The goal of this post is to answer the following questions related to rolling two 20-sided dice:

  • Case 1 (Advantage): If I roll two 20-sided dice and take the greater of the two results, how much higher is the expected value than if I had simply rolled one 20-sided die?
  • Case 2 (Disadvantage): If I roll two 20-sided dice and take the lesser of the two results, how much smaller is the expected value than if I had simply rolled one 20-sided die?

Visual Solution

Starting data analysis with visualization is always a good choice, as it might reveal features of the dataset which aren't immediately obvious from the problem description. To get an intuitive feel of what's happening behind the scenes, we can visualize every possible result of the two dice throws by plotting the result of the first dice roll on the x-axis and the result of the second dice roll on the y-axis.
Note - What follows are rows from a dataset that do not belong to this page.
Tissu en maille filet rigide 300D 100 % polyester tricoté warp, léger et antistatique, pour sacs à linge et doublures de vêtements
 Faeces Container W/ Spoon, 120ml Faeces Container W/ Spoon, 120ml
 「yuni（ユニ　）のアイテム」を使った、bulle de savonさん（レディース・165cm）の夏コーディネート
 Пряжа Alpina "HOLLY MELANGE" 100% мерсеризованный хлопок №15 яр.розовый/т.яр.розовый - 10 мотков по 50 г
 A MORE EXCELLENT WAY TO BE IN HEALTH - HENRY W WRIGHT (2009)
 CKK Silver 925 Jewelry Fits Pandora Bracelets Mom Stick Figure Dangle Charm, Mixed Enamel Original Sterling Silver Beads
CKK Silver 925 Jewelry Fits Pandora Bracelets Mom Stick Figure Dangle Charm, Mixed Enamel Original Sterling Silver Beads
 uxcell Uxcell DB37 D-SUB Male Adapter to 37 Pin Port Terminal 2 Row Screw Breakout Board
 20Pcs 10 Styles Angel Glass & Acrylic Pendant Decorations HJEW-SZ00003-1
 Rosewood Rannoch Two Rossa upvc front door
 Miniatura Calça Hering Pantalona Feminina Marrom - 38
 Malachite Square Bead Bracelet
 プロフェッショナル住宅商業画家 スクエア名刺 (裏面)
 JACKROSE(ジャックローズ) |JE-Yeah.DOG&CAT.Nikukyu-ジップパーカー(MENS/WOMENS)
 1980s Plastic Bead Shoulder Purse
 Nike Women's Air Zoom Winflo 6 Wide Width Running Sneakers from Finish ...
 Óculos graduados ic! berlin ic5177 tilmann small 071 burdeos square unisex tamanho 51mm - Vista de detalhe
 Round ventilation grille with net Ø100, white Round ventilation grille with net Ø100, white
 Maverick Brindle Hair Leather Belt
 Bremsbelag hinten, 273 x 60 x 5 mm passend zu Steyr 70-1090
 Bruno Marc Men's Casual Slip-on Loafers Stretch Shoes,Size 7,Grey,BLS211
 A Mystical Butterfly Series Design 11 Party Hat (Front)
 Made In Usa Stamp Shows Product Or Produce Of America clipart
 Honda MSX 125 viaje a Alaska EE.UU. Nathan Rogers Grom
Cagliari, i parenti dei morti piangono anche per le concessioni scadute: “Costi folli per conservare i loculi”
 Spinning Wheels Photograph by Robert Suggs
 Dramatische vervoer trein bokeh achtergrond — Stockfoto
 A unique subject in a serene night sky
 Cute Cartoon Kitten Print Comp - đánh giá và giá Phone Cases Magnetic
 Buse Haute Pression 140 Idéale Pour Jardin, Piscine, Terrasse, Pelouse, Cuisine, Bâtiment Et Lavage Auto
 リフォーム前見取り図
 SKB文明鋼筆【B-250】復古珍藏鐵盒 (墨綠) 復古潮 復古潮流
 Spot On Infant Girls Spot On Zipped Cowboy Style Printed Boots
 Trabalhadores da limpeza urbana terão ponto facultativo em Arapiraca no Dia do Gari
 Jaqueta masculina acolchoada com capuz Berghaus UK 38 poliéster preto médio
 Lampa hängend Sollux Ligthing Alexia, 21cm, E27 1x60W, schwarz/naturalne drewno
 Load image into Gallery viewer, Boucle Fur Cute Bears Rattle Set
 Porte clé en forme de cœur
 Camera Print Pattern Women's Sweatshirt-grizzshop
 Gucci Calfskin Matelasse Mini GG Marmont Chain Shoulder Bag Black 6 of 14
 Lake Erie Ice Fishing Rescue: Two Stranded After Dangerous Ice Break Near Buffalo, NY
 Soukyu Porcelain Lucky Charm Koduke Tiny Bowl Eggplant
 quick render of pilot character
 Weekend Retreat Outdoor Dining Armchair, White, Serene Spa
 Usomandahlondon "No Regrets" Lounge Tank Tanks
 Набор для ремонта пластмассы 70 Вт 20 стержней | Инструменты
The following code will plot Case 1, the maximum of two 20-sided dice (advantage), for all possible combinations:

In [1]:
import numpy as np
import seaborn as sns
from scipy import stats
import matplotlib.pyplot as plt
%matplotlib inline
#Remember that Python is zero-indexed, and the range function will return 
#up to one value less than the second parameter
roll1poss = list(range(1,21))
roll2poss = list(range(1,21))
#This next line might look scary, but we are finding the maximum of (each 
#first roll out of all possible first rolls) and (each second roll out of 
#all possible second rolls), using a listcomp
maxRoll = [max(roll1,roll2) for roll1 in roll1poss for roll2 in roll2poss]
#Now, we want to reshape the array so that it is 20x20 instead of 1x400
maxRollReshape = np.reshape(maxRoll,[20,20])
#Finally, let's plot the results. I wrote it as a function so it can be
#re-used for Case 2, as well
def plotHeatmap(rollResults, titleLab):
    f, ax = plt.subplots(figsize=(8, 6))
    cmap = sns.cubehelix_palette(light=1, as_cmap=True)
    sns.heatmap(rollResults, cmap=cmap, vmax=20, square=True, 
                linewidths=.5, cbar_kws={"shrink": .5}, ax=ax,
    ax.set_xlabel('First Roll')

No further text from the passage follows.